Here’s my thinking. If the definition of love is to obey, then Jesus was really saying the the most important way in which we can obey God is to obey God. I don’t think Jesus was given to that kind of circularity. If anything, he was too much of an out of the box thinker for most Christians.

But if this is what he really meant, then we are left interpreting the second commandment to mean, “Obey your neighbor as you obey yourself.” I don’t want to discuss the linguistic twists that follow from this thinking.

More accurately, this is a case where we need to think literally. If we really want to obey God we will love him and love each other. Love, in essence, is a commandment, and that doesn’t mean tough love or doing what’s best for someone in spite of their desires, or denying them the love of God because we think they’re disobeying God themselves.

It’s tempting to walk away from such clear injunctions because they seem so trite and obvious. The Beatles said, “All you need is love,” so it must be more difficult than that. Who wants their most important imperative to be reduced to a jingle?

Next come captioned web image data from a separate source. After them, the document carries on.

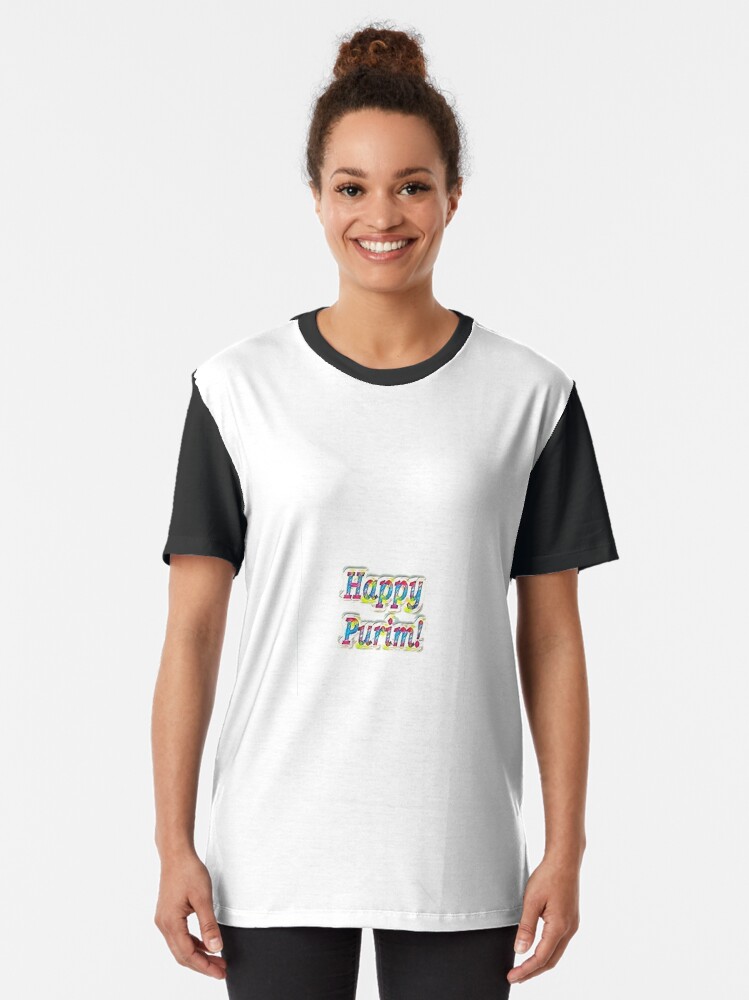 Alternate view of Happy Purim! Graphic T-Shirt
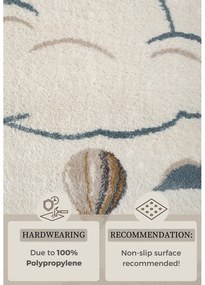 Tappeto per bambini color crema 120x170 cm Hot Air Balloon – Hanse Home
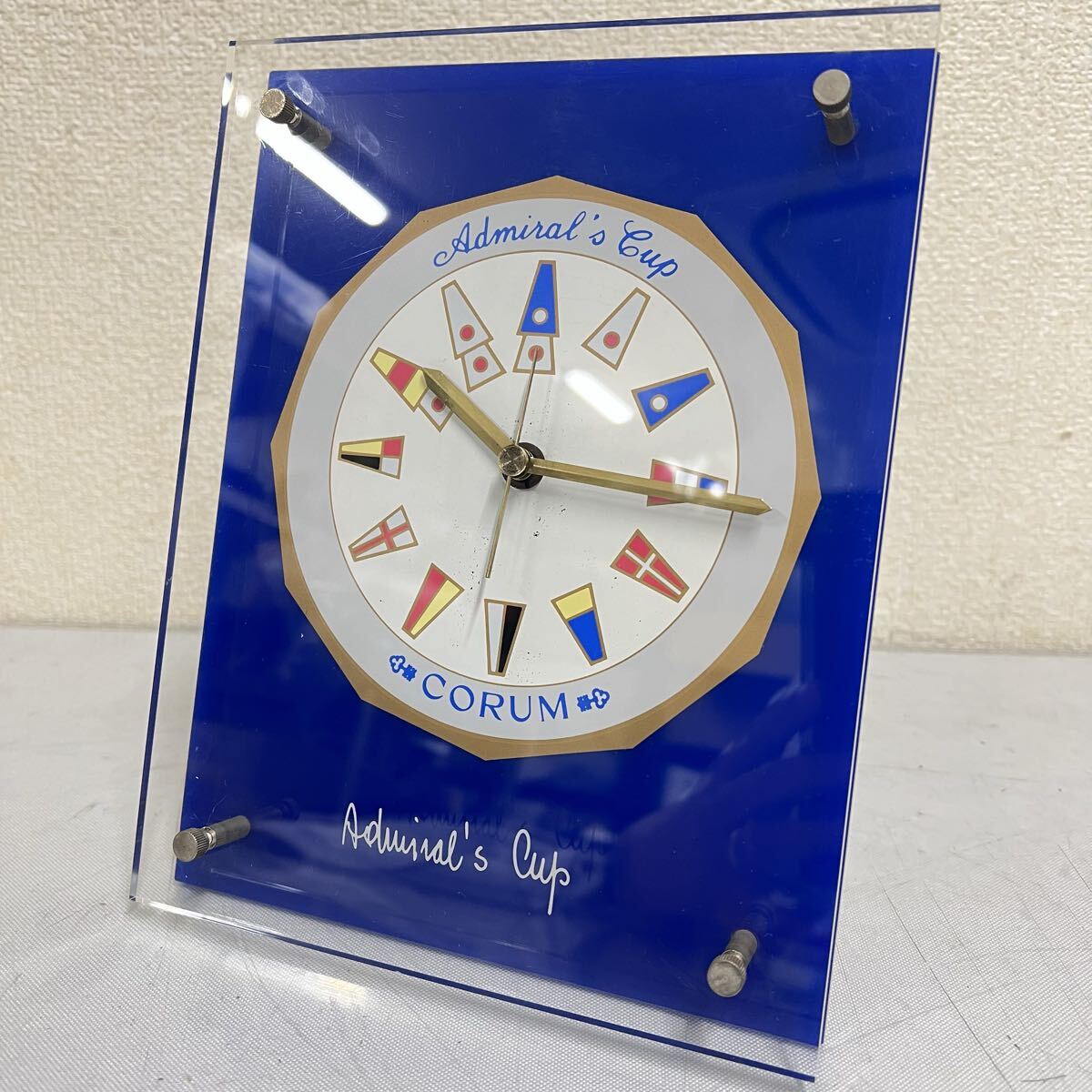 ■3 CORUM コルム 置き時計 アドミラルズカップ 訳あり 動作品拍卖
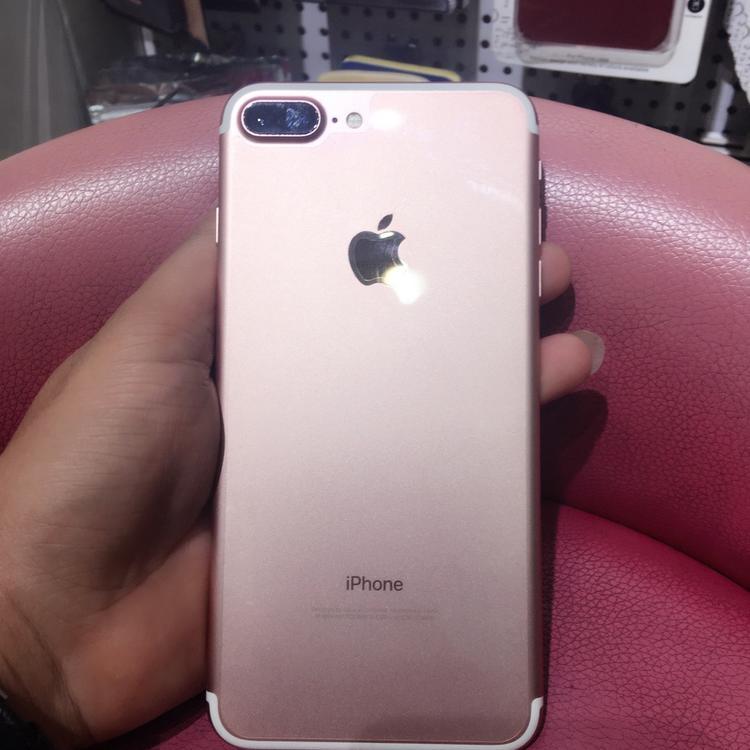 苹果7plus玫瑰金128g95成新无拆无修无暗病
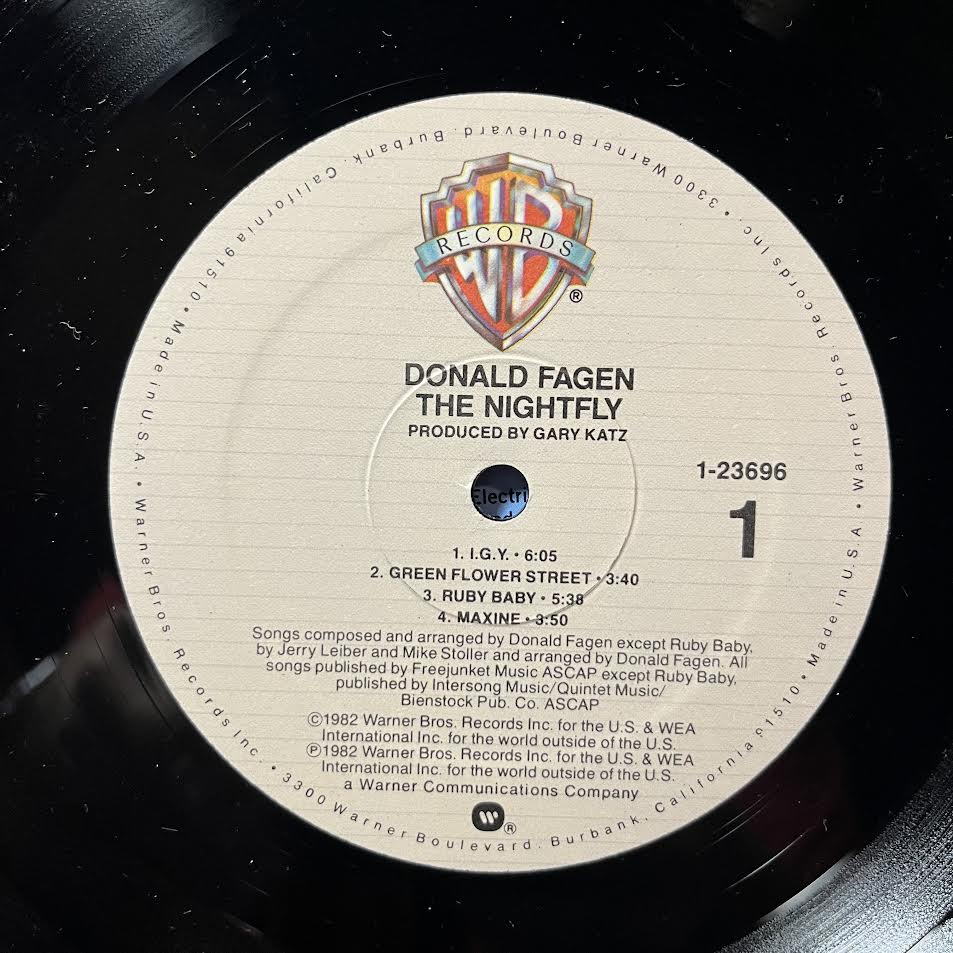 Donald Fagen - The Nightfly (VINYL) | Near Mint- (NM-) Excellent (EX)-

But in the case of Jesus’ followers, it’s an order. If you want to obey God, you will love him and everyone else. Homosexual or not. Unwed parent or not. Had an abortion and still believing it was the right thing to do or not. Planning on having an abortion or not. Or, in my case (and that’s what makes it so hard to love them) whether or not they believe in creationism (as opposed to creation), support the Tea Party, and think Obama is the antiChrist.

He is risen. Why bicker?

If the word on the street is true, and the rapture will occur on May 21, then today is the last Easter. Easter celebrates the anniversary of the resurrection of Christ with bunnies, easter eggs and enough sugar laden candy to send our children well on their way to early onset diabetes.

And it’s also the day of the year when I stop to wonder if he ever had second thoughts. After all, Jesus left his followers with one commandment, that we love each other as he loved us, and for the most part we’ve done a marvelous job of ignoring him or rationalizing that one commandment away.

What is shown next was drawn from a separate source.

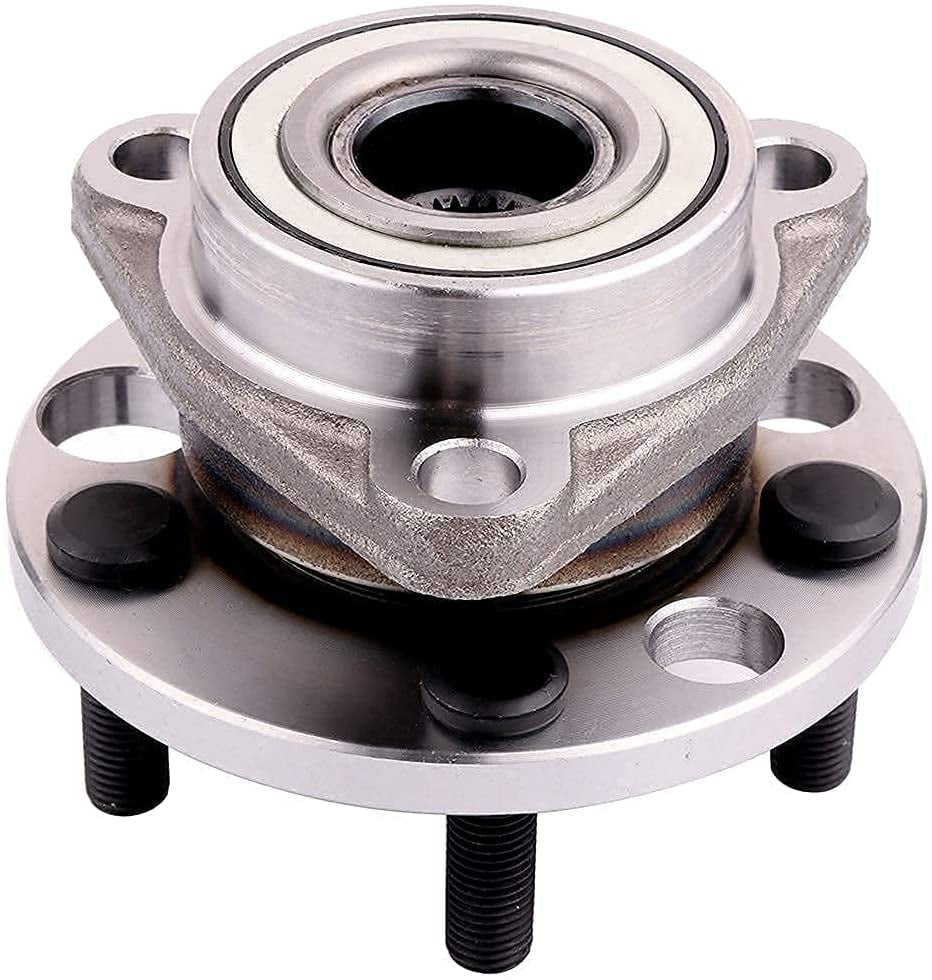 TUPARTS 513017K Wheel Bearing and Hubs Rear and Front Compatible with Chevrolet Cavalier 1984-200 Oldsmobile Achieva 1992-1998 Pontiac Grand Am 1985-1998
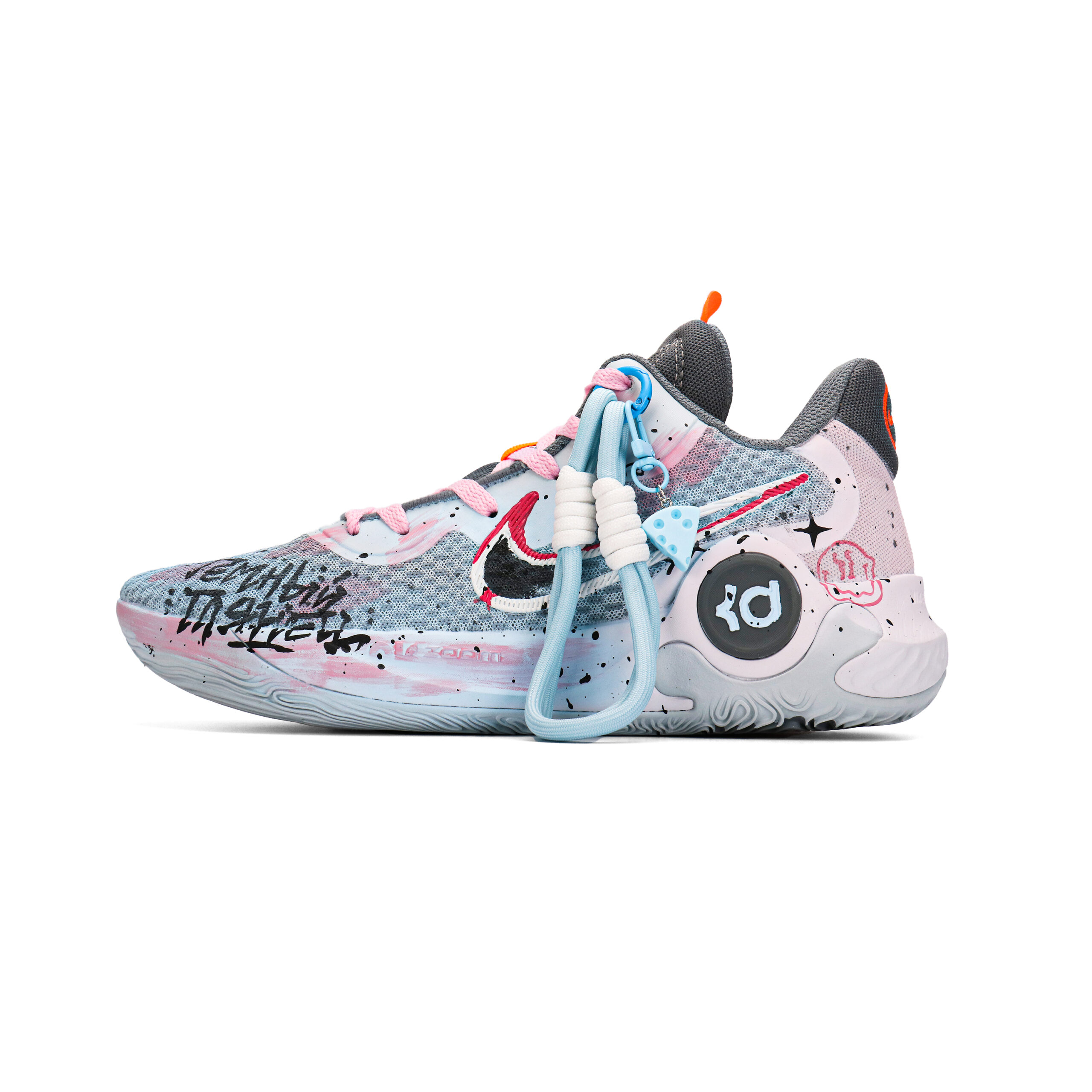 Nike KD Trey 5 IX Basketball Shoes Unisex Mid Top Blue Pink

The history of Christianity, for all of the good we’ve done (and, in truth, we’ve done a lot) seems more about “We’re right and you’re not” than loving each other. And it’s hard, I have to admit. After all, evangelicals think of Christians like me as condescending pompous stuffed shirts and we think of them as hillbilly retards. When the stereotypes are that well-defined, it’s hard to feel the love.

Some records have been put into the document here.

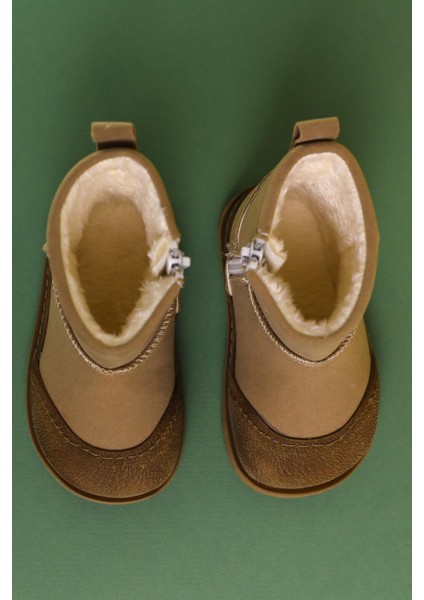 Gilla Vizon Süet Ters Dikiş Detaylı Içi Kürklü Bebe Bot fırsatları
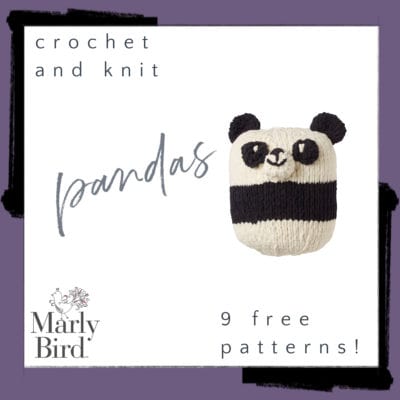 9 Free Panda Crochet and Knit Patterns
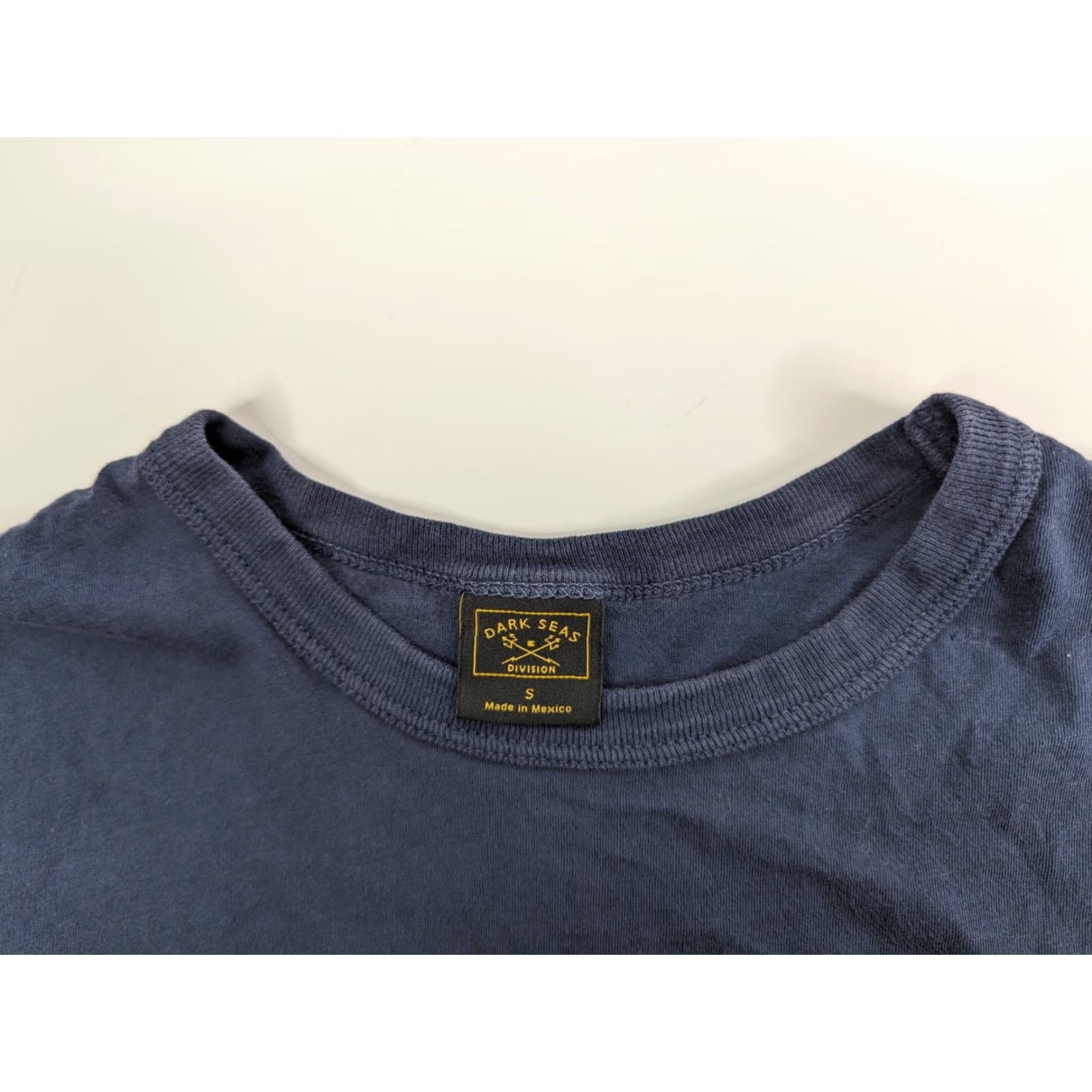Vintage Dark Seas Division T-Shirt Mens S Blue Crew Neck Graphic Print Short Sleeve Vintage? No Size US S / EU 44-46 / 1 - 7 Thumbnail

Here’s the thing. When I talk to Christians, truth seems to be a higher priority than love. With more fundamentalist Christians it’s truth, then obedience, then love. I became Episcopalian because they profess to be members of one catholic church (not Catholic, but catholic as in “one body united). Then the whole women in the priesthood thing pushed them to the verge of split, and the gay bishop thing sealed it.

The Catholic catholics will most likely undergo a similar split between orthodox and progressive wings and Neo-Catholics who align themselves with the religious right. It may be fifty years or more down the road, but the fissures are developing.

Baptists, who raised me, split at the drop of the hat and will most likely continue to do so until there are more denominations of Baptist than there are Amway distributors.

So here’s the thing. We have a month before the rapture and the first and possibly last official post of this blog. We can continue to harp on each other, bicker, and judge ourselves to be the only Christians who will make it while the others miss the ball. And, whether it’s May 21 or much later, Jesus can return to a trashed out planet with no one to welcome him but obsequious Christians waiting for him to declare them the official winners of truth.

And that is the doctrine of the rapture. Jesus is going to trash the planet and the sinners with it, so why keep it nice for him?

But a hundred years ago, before pre-millennialism and the doctrine of the rapture captured the evangelical consciousness, even evangelicals believed we were supposed to make bring this planet to perfection and usher in a thousand years of love.

So why not show him a circle of smiling faces with the message, “It doesn’t matter which of us got it exactly right, we all welcome you home?”